* [Your objective]
Range to copy from the entries below: the line containing "Pro-level football skills to watch and learn" through the line containing "A Casa Di Paola Villa Adria Exterior foto", inclusive. Retype only those lines, exactly, without any images.

* [Supplied records]
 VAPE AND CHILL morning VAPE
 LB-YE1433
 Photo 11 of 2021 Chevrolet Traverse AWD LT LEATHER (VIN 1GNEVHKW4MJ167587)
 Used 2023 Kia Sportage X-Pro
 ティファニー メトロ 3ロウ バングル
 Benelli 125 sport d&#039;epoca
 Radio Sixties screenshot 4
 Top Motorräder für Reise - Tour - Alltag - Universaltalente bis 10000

...

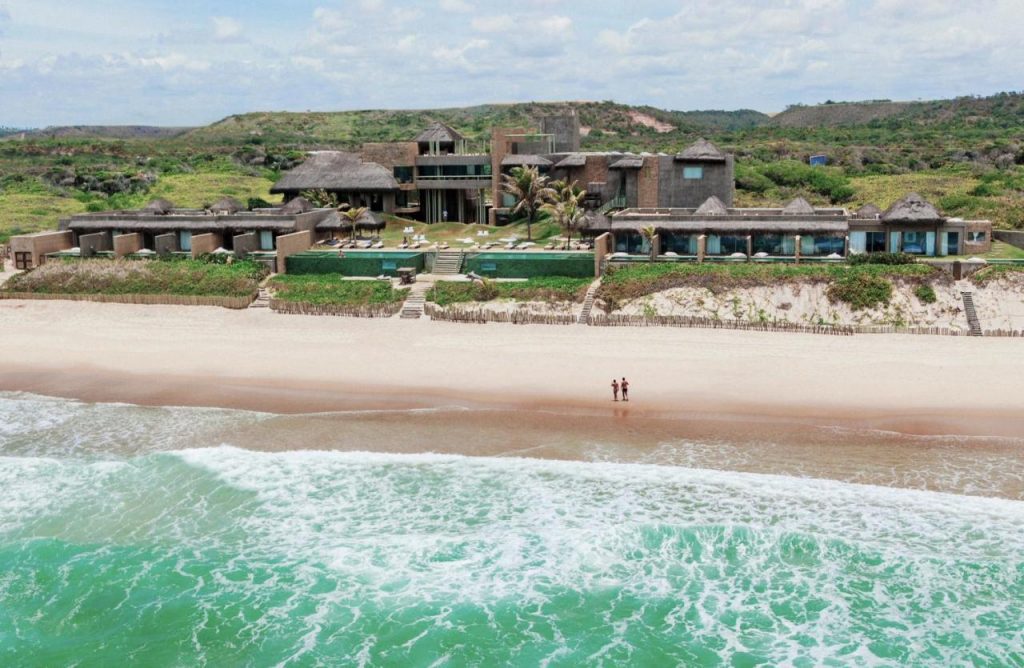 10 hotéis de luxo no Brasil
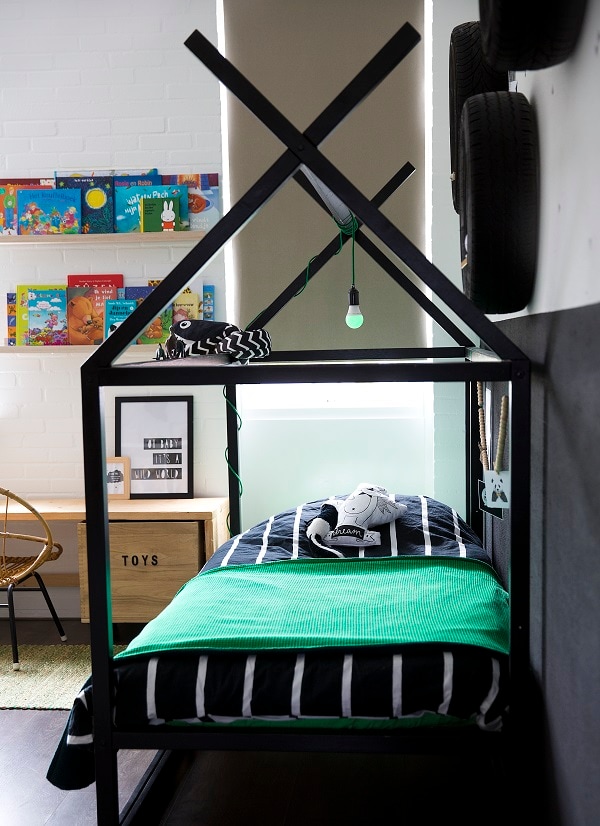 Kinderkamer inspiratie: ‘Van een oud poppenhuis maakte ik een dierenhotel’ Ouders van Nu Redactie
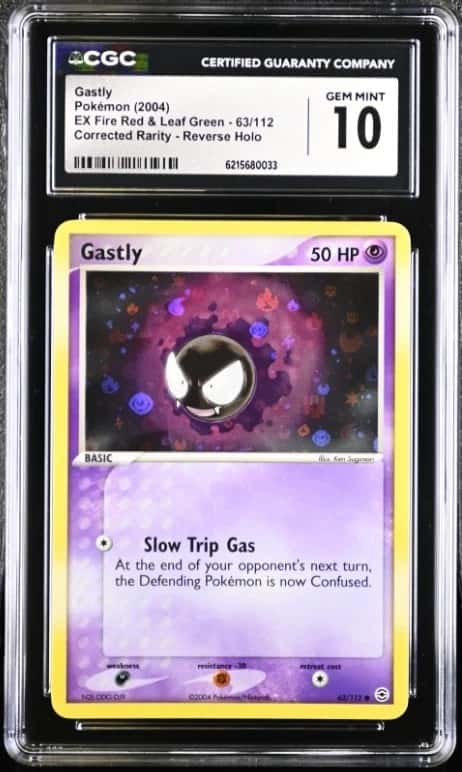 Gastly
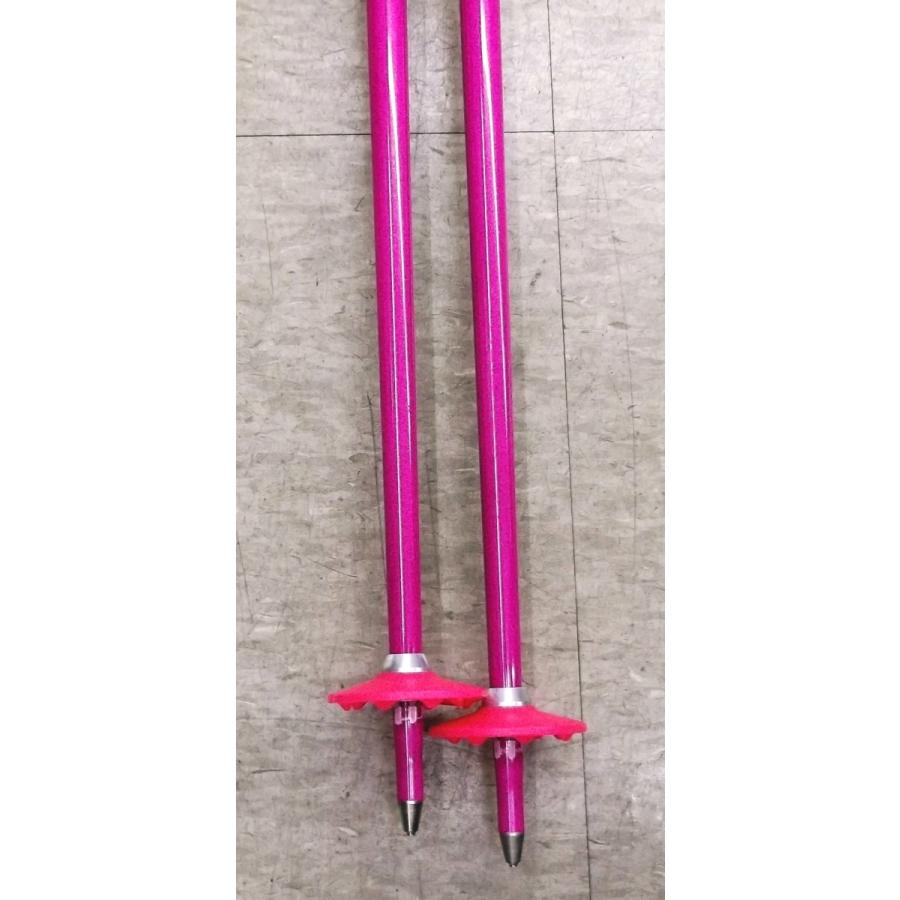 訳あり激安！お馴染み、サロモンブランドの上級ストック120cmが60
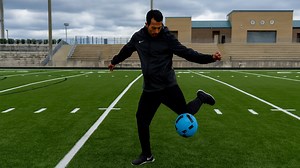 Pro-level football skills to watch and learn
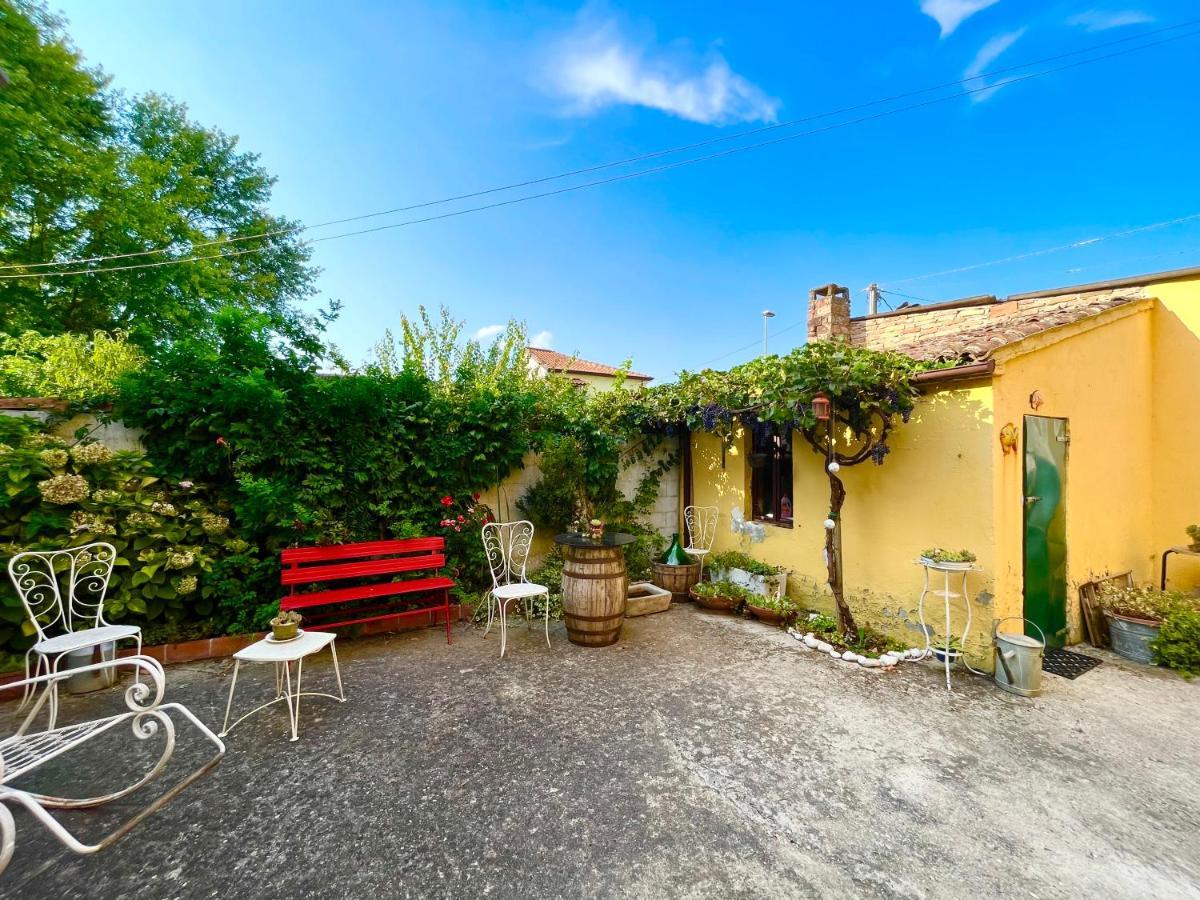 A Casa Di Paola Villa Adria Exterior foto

==

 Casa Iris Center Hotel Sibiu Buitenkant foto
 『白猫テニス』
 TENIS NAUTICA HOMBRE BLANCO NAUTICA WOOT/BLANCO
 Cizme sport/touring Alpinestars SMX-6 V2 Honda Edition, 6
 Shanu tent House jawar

* [Task output]
 Pro-level football skills to watch and learn
 A Casa Di Paola Villa Adria Exterior foto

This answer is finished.